As the final whistle blew, everyone raced onto the field, staff, coaches, and players hugging each other and you could see Indian men's football breathe again. Even if temporarily.
In a year where Indian women's football has given plenty of joy, thanks to the national teams' despite-apathy qualification to the senior and junior AFC Asian Cups amid all the chaos and confusion, Indian men's football has something to smile about finally. FC Goa now join Mohun Bagan (direct entrants as ISL winners) in the group stages of the AFC Asian Champions League 2. They will play six matches each, three at home, three away.
Meanwhile, even as Goa were winning, the AIFF tweeted that they had asked its legal counsels to sit with their ISL counterparts and "hold discussions". This, a few days after they held a meeting with the clubs and FSDL (the Reliance backed body that runs the ISL) and after the AIFF president made it abundantly clear that it was "not their fault" that the ISL is suspended right now. So, while the "discussions" go on, the very real and very ridiculous possibility exists (as it stands) that these six might be the only proper matches these two clubs play all season. Just imagine that.

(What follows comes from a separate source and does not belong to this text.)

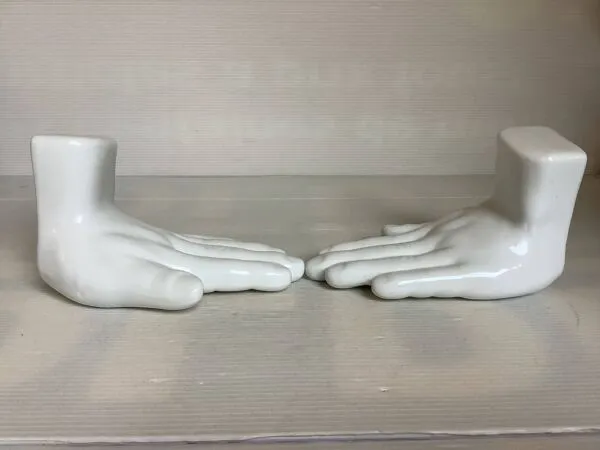 Illustration numéro 2 du produit Paire de serre livres mains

And that's why this win means just that bit more than qualification for a big continental competition, a bit more than beating a tough West Asian opponent (ever a tough proposition), a bit more than improving India's co-efficient within the AFC. It's Indian club football telling its masters that despite their best worst efforts, the ball will keep getting kicked, happiness will keep being searched for, and new horizons will keep being explored.